Tuesday, November 6, 2007

US Markets To Give Direction To KLCI

Stock Market Signals: A weekly column on Bursa Malaysia's performance and outlook by G.M. Teoh

THE KL Composite Index (KLCI) successfully vaulted the 1,400-point psychological barrier and made a new record high early last week, boosted by the higher US markets.

The rally failed to expand with values congesting for a couple of sessions and was followed by an abrupt sell-off on Friday influenced by a sharply lower Dow Jones. This forced the index to return all of its previous gains.

Investors are generally confused about the random nature of the KLCI. The US markets are all that matters these days.

Last week witnessed the meltdown in financial stocks in the United States and the Federal Reserve’s decision to cut rates by 25 basis points received an icy reception. Record high crude oil at US$96.20 a barrel continued to be ignored by market participants.

With worldwide markets at or near historic highs, the upside potential is lower compared with the downside risks. At this juncture, the markets can correct drastically for a lot of reasons.

The KLCI fell from a new high of 1,423.81 points to a week's low of 1,385.85. It rebounded on Friday to end the week with small losses at 1,397.48, off 0.87 point or 0.06% from previously.



Most of the main index-linked stocks recovered from earlier losses and ended the week in the minus column.

Maybank, Public Bank, Tenaga Nasional, MISC, Telekom, Genting, Petronas Gas, DiGi.com and RHB Capital settled with minor losses and took away a combined 7.67 points from the index.

IOI Corp, Bumiputra-Commerce, Plus Expressways, KL Kepong, and MMC Corp closed with minor gains and supported the index with a total 6.12 points.

Volume of the KLCI for the week rose to 1.04 billion compared with 897.73 million shares a week earlier. The daily average volume increased to 208.46 million from 179.55 million shares previously.

The candlestick chart closed the week negative with the formation of a “falling window”. This negative chart setting suggests the newly developed bearish cycle would continue.

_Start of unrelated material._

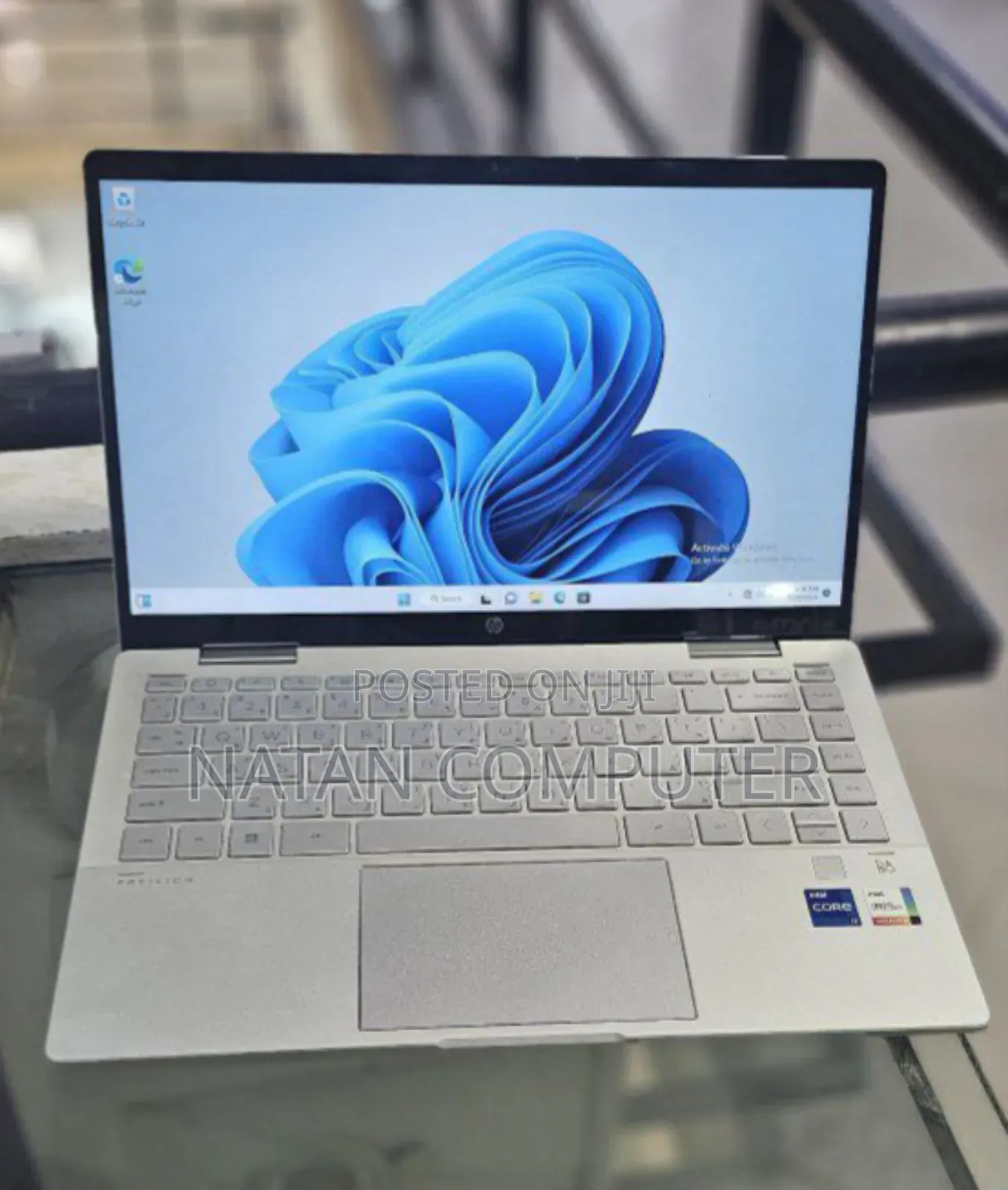 New Laptop HP Pavilion X360 13 16GB Intel Core I7 SSD 512GB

An important chart hurdle now stands at the 1,405–1,420 level. The main trend could turn bullish again if these levels are vaulted this week.

Chart support for this week is seen at 1,390–1,380. Further downward adjustment would occur if these levels are breached.

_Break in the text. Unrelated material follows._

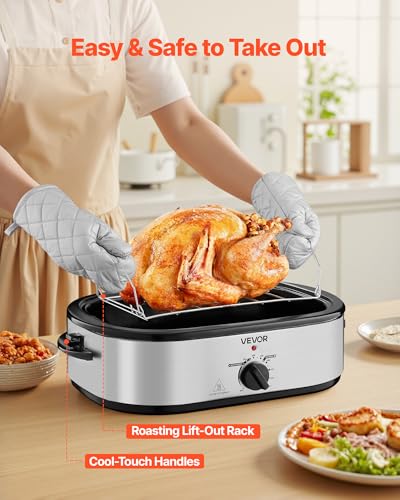 Roaster Oven 14QT Fast (Silver / 14QT)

Most of the daily technical indicators closed the week neutral to slightly negative and suggested the index would enter into sideways band trading in the immediate term.

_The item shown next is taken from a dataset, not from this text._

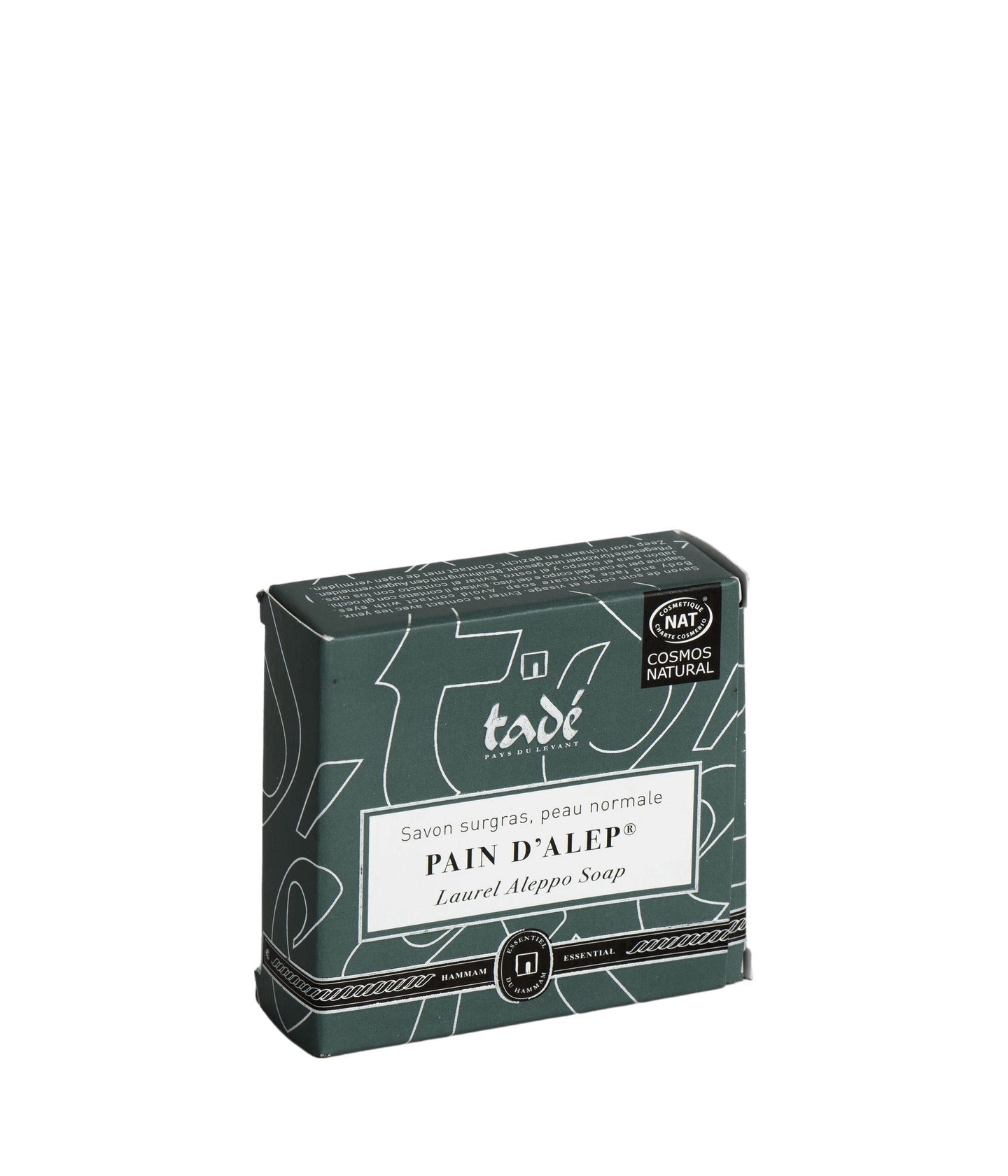 Seife Pain d'Alep Verpackung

The daily stochastic gave the short-term sell signal on Oct 31 and stayed negative for the near-term trend at Friday’s close. The oscillators per cent K and D settled the week sharply lower at 67.95% and 83.23% respectively.

The daily Money Flow Index (MFI) plunged from a week's high of 100 points and closed sharply lower near the neutral zone at 63.16. The MFI indicated that strong distribution took place last week.

The main trend-tracker, the 3- and 7-week exponentially smoothed moving-average price lines (ESA lines), remained in bullish divergence despite the strong drop last Friday and showed the main trend was still bullish.

The short-term trend-tracker, the 3- and 7-day ESA lines, ended in negative convergence at Friday’s close and showed the immediate-term trend was attempting a cycle reversal.

The 5-day Relative Strength Index plummeted from an oversold position at 83.10 points on Oct 31 and closed the week sharply lower at 52.15. At present, the daily RSI is indicating the immediate underlying strength of the index is neutral to slightly negative.